BEGIN

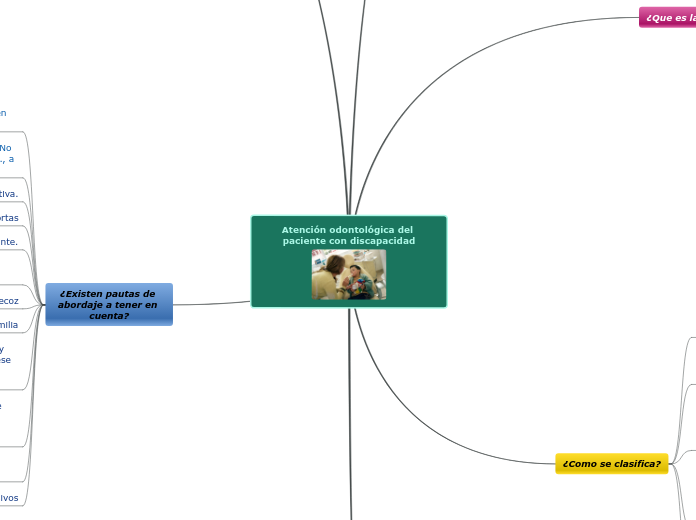 Atención odontológica del paciente con discapacidad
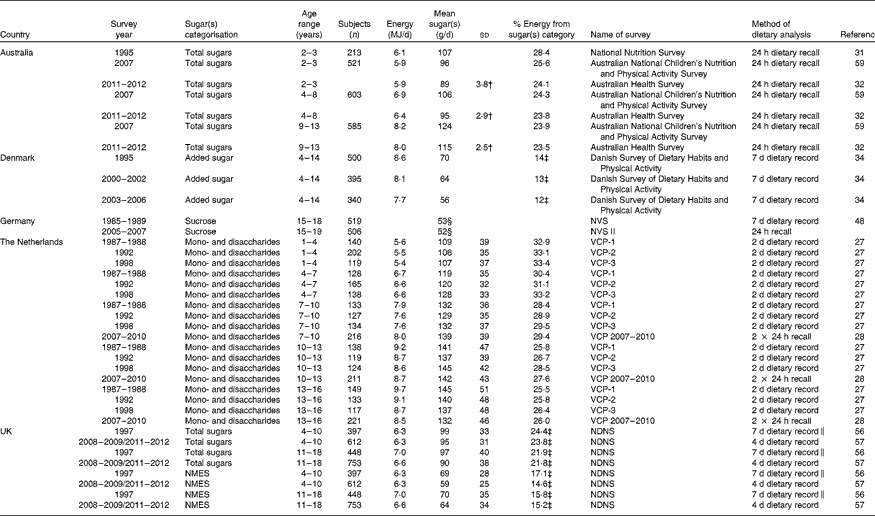 Worldwide trends in dietary sugars intake | Nutrition Research Reviews ...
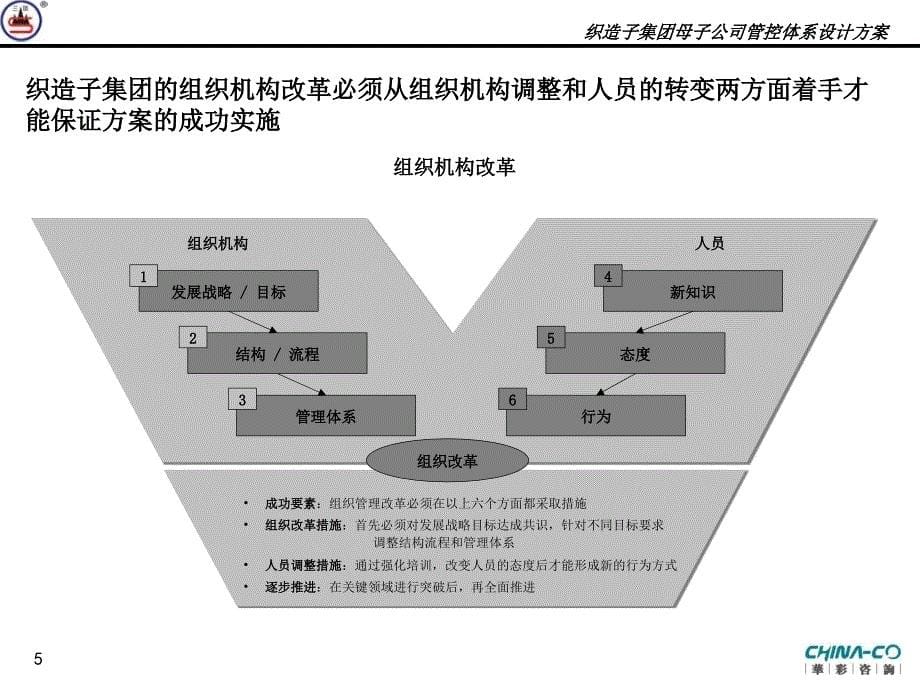 织造子集团母子公司管控体系设计方案终稿_第5页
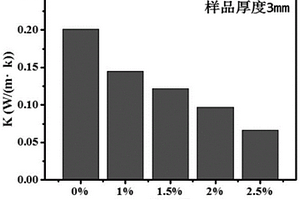 低导热气凝胶类环氧树脂隔热复合材料的制备方法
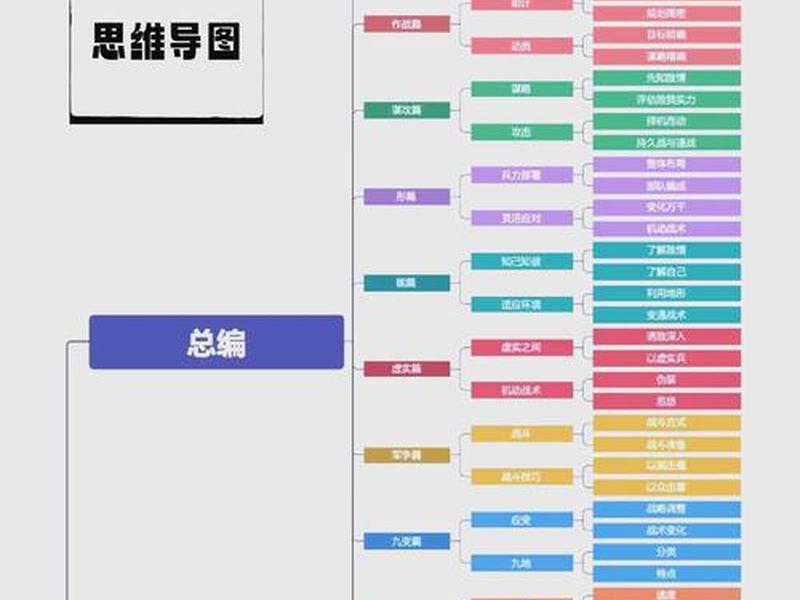 《孙子兵法》人际关系解读(《孙子兵法》人际关系解读视频) 《孙子兵法》人际关系解读(《孙子兵法》人际关系解读视频)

END

_What this task involves_: Repeat, exactly and only, the lines from the one containing "织造子集团母子公司管控体系设计方案终稿_第5页" through the final line of the data, both ends included, leaving out any picture.

_Solution_:
 织造子集团母子公司管控体系设计方案终稿_第5页
 低导热气凝胶类环氧树脂隔热复合材料的制备方法
 《孙子兵法》人际关系解读(《孙子兵法》人际关系解读视频) 《孙子兵法》人际关系解读(《孙子兵法》人际关系解读视频)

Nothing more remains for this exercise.